Silencing the Internal Critic
Self-nurturing means, above all, making a commitment to self-compassion. – Jennifer Louden
When does your internal critic show up? Is it when you spill your coffee? When you forget to buy the bread? When you speak too harshly to your children? Is it when you made the C when you were striving for the A, or is it when you didn’t get invited to the party?
There are many opportunities for the internal critic to sneak in and remind you of your faults, your failures and your frailties. For some, the internal critic appears with such regularity that it does its dirty work unnoticed. Anything we experience regularly tends to drop out of our awareness. We don’t usually notice our breathing, our eyes blinking or the sensation of the shoes on our feet because those things happen to us all the time.
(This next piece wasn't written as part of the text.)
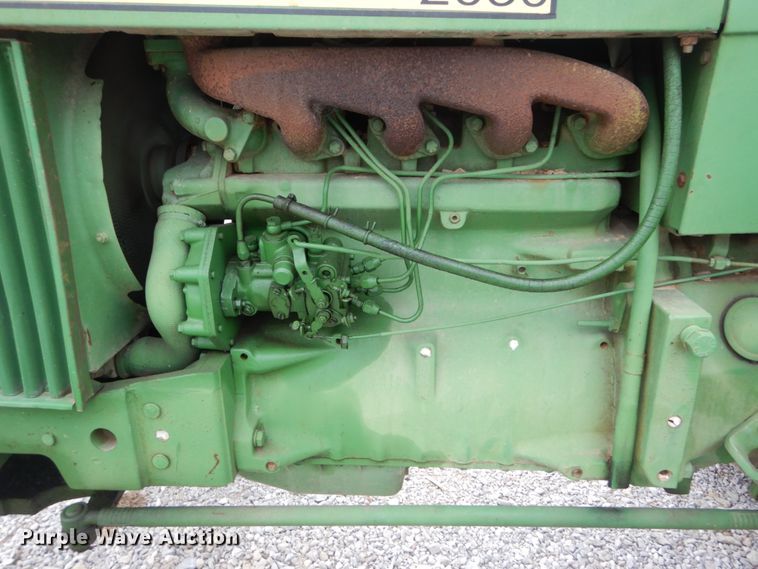 image for item IV9660 John Deere 2030  tractor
Self-critical thinking can become the same way. We can have hundreds of self-critical thoughts each day without any conscious awareness. Those thoughts become as natural as breathing. Unfortunately, negative thinking is not as healthy as breathing.
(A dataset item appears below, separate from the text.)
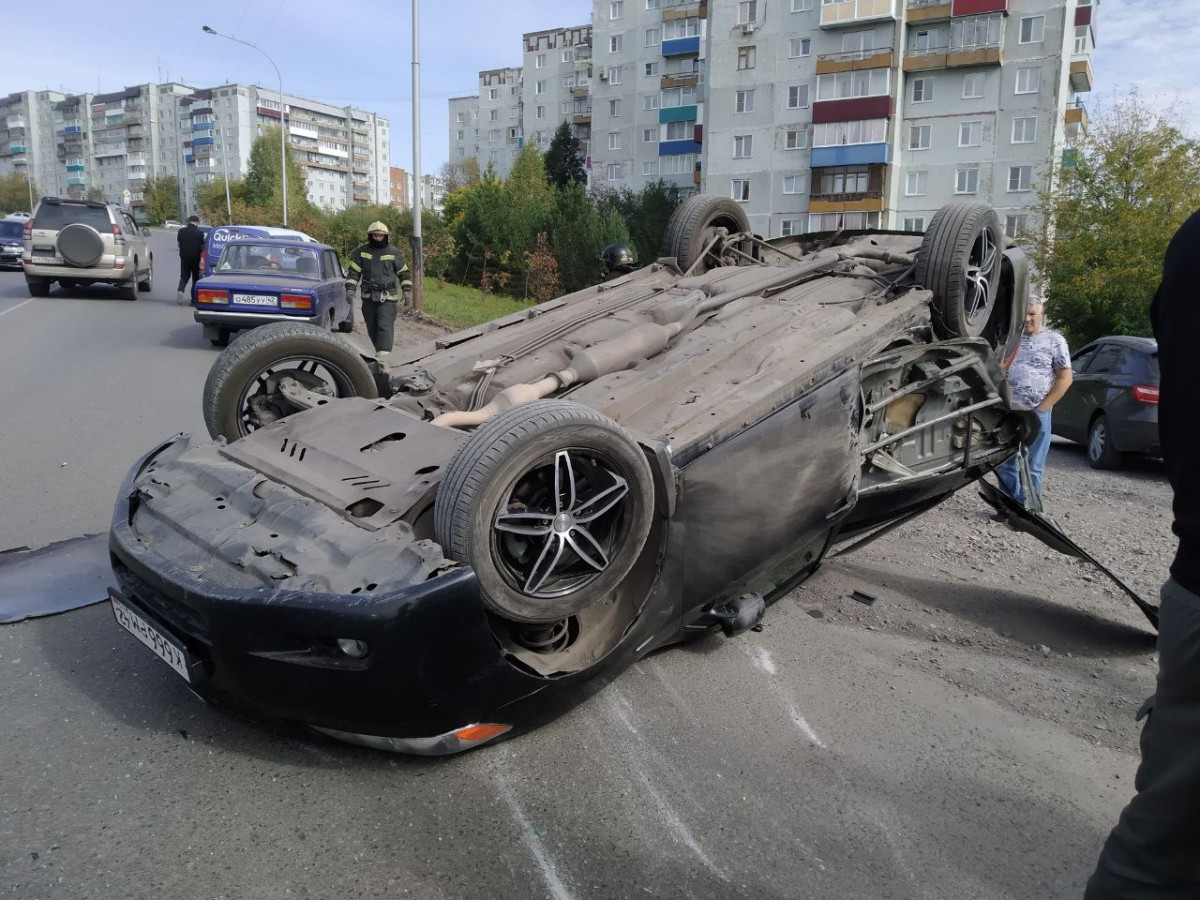 В Прокопьевске произошло ДТП с перевёрнутым автомобилем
While there are many forms of negative thinking, self-criticism is one of the most destructive. Examples might include the following thoughts: “I can’t do anything right.”; “I’m fat.”; “That was a stupid thing to say.”; “I won’t be able to do that.” The list could go on.
We develop the habit of self-criticism when we experience criticism or disapproval during childhood. We develop the belief that we are inadequate. We then interpret daily events to be evidence of our inadequacy.
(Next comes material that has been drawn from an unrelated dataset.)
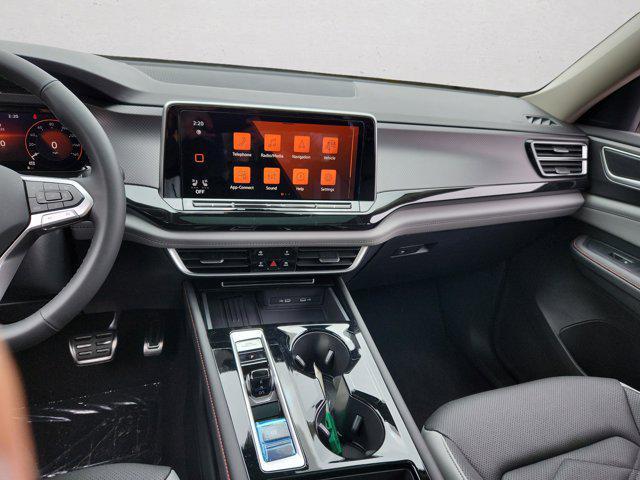 Photo of 2025 Pure White Volkswagen Atlas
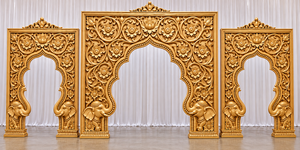 Décorations de mariage sud-indiennes sur le thème de l'éléphant, cadres dorés sculptés de fleurs, décorations de scène de mandap pour réception de mariage indien, États-Unis - Product Image 2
Children are predisposed to believe they are inadequate because they actually are. Children can’t do things that adults can do. They do spill the milk. They can’t tie their shoes. They mess up when they try to do things.
As adults, we know that such inadequacy is normal. Children aren’t expected to be able to do things because they are children. We understand that they have to learn. Unfortunately, children don’t have that perspective. They often see their inability to do things as evidence of their inadequacy.
Good parents encourage their children when they mess up. They help the child understand that they have to learn to do new things, and that making mistakes is a normal part of learning. All parents criticize their children at times, and no parent is immune to the frustrations of raising children. But what about the parent who is overly critical? What about the parent who displays his frustration or disapproval whenever the child makes any mistake? Such parental behavior simply reinforces the child’s feelings of inadequacy. The internal critic is born.
Children are like sponges. If you place a sponge beside clear, pure water, it will soak that up. If you place it beside acid, it will soak that up as well. The sponge has no choice. It absorbs whatever it contacts. Children are no different. When they’re exposed to encouragement and love, they absorb that. When they’re exposed to criticism, neglect or abuse, they absorb that as well. They have no choice.
If self-critical statements are a prominent part of your internal vocabulary, you need to understand that your well-being is being hurt by those statements. You can’t have such thoughts without damaging your self-esteem and affecting your life choices. Self-critical thoughts often fuel depression and anxiety.
Pay attention to the content of your thoughts. When you notice self-critical self-talk, say to yourself, “I did it again.” Then remind yourself that such thoughts are self-destructive. Try to remind yourself where the habit came from. Ask yourself whether you would ever say such things to another person. Try to replace a self-critical statement with a supportive or neutral thought. It’s a gradual process, but you can change your thinking with persistent attention and effort.